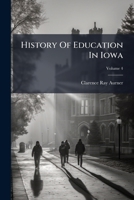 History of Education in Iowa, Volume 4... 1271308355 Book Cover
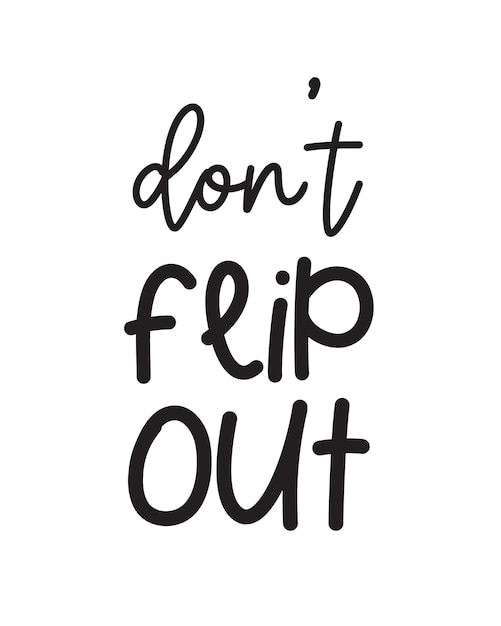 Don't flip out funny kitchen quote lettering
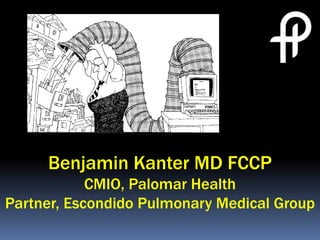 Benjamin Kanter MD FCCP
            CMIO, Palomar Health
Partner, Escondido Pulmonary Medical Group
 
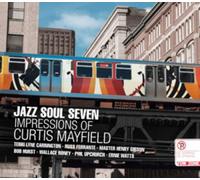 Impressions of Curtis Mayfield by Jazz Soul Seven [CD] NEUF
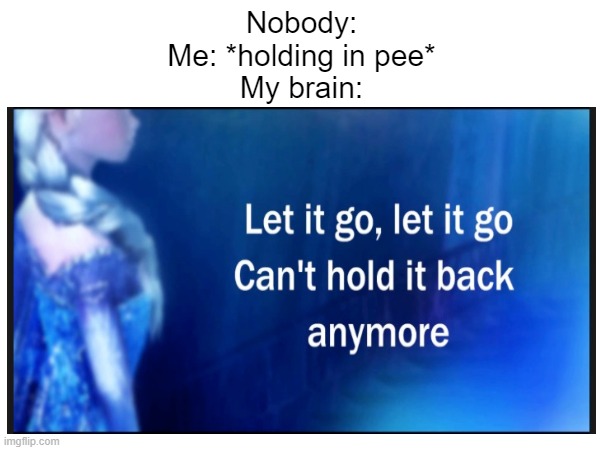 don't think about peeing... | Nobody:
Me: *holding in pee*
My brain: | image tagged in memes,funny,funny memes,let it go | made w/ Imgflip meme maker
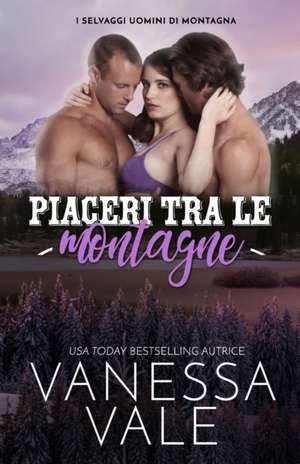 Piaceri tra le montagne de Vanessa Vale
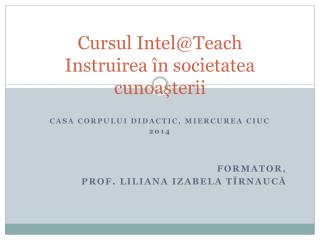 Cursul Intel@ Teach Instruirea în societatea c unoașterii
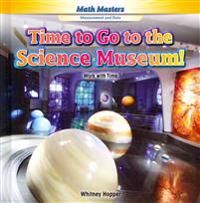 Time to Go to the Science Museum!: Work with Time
================
§ Exercise goal: Pictures aside, set down the lines from the one containing "CMIO, Palomar Health" through the end of the records above, exactly and only those.

§ Answer to this problem:
            CMIO, Palomar Health
Partner, Escondido Pulmonary Medical Group
 
 Impressions of Curtis Mayfield by Jazz Soul Seven [CD] NEUF
 don't think about peeing... | Nobody:
Me: *holding in pee*
My brain: | image tagged in memes,funny,funny memes,let it go | made w/ Imgflip meme maker
 Piaceri tra le montagne de Vanessa Vale
 Cursul Intel@ Teach Instruirea în societatea c unoașterii
 Time to Go to the Science Museum!: Work with Time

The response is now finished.